**WHAT IS BEING ASKED:** The task for the listing below is to write out exactly the lines starting at the one containing "遊客不諳海況漂流離岸 臺南海巡雙艇即刻救援 海巡人員緊急救援，協助將落海民眾接駁至艇上1" and ending at the one containing "Ripresa aerea di", both included. Pictures are to be omitted.

**DATA SUPPLIED:**
____

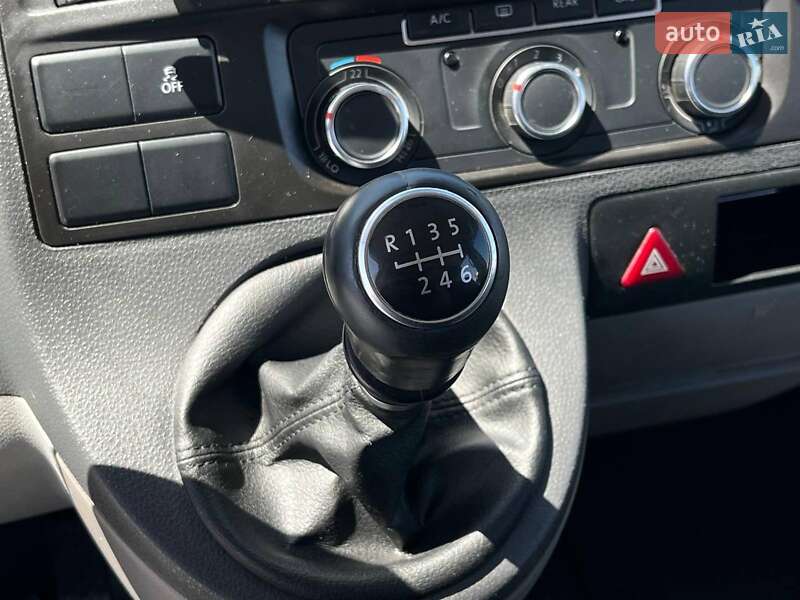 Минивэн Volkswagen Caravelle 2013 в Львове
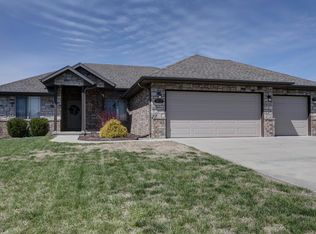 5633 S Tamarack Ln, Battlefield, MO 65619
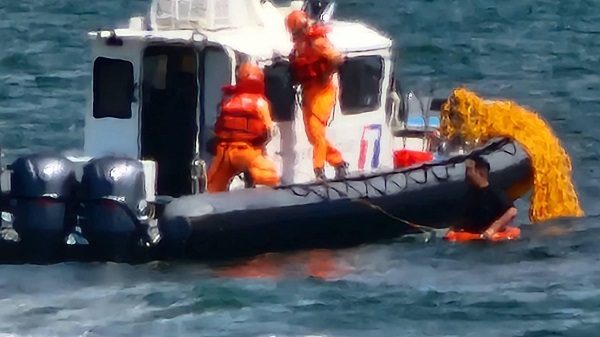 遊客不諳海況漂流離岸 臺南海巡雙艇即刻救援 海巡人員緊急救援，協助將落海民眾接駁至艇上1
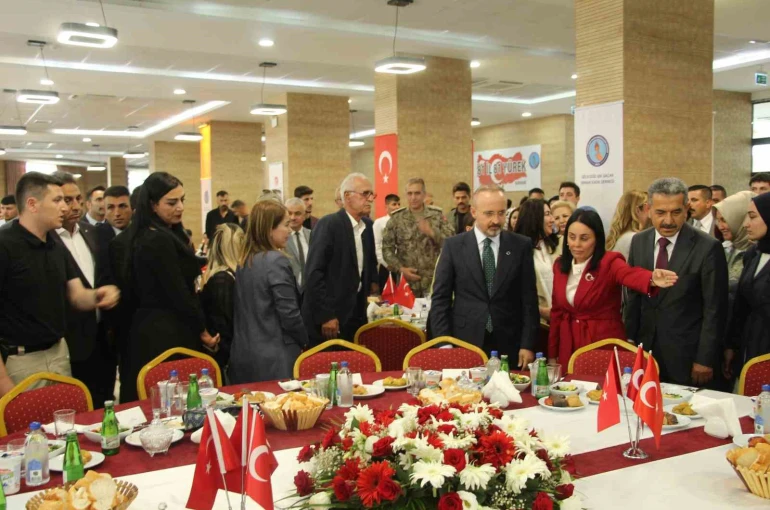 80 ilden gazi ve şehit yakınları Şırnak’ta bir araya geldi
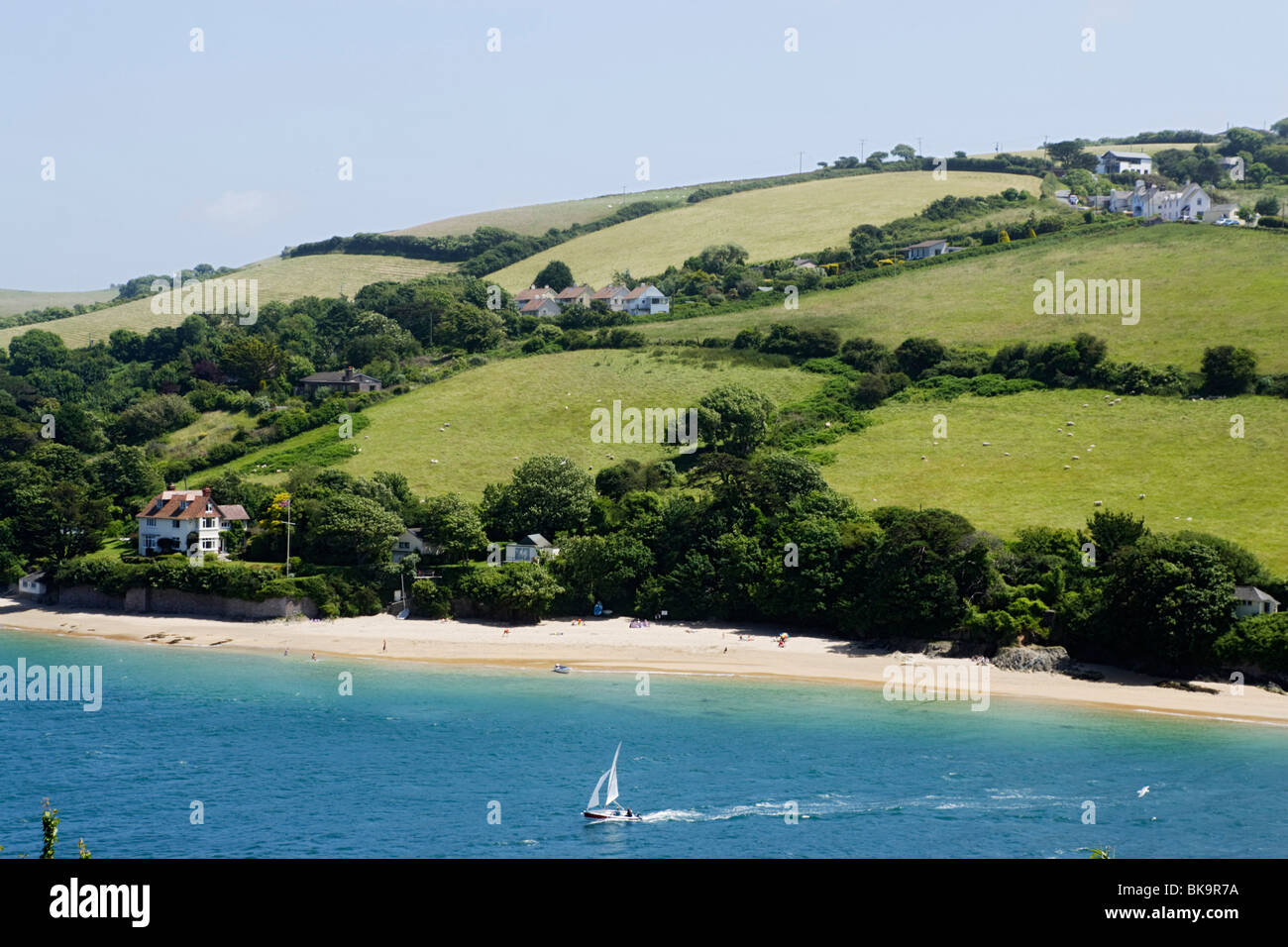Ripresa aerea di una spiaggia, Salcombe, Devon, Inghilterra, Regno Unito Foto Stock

____

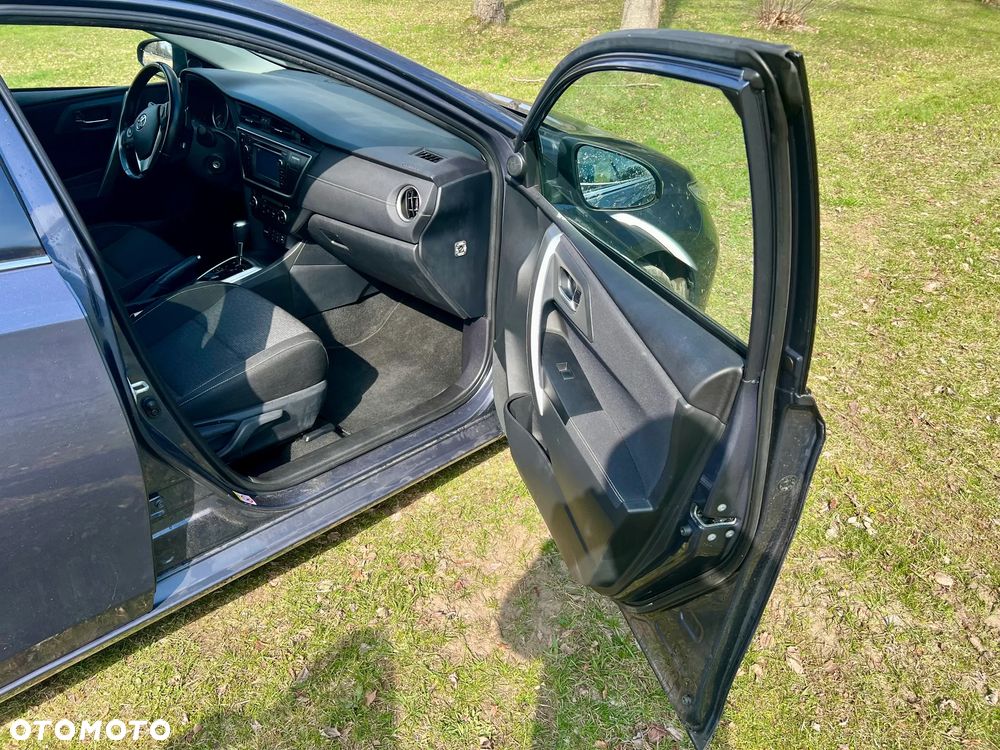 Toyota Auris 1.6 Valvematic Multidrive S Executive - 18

____

**EXERCISE ANSWER:**
 遊客不諳海況漂流離岸 臺南海巡雙艇即刻救援 海巡人員緊急救援，協助將落海民眾接駁至艇上1
 80 ilden gazi ve şehit yakınları Şırnak’ta bir araya geldi
Ripresa aerea di una spiaggia, Salcombe, Devon, Inghilterra, Regno Unito Foto Stock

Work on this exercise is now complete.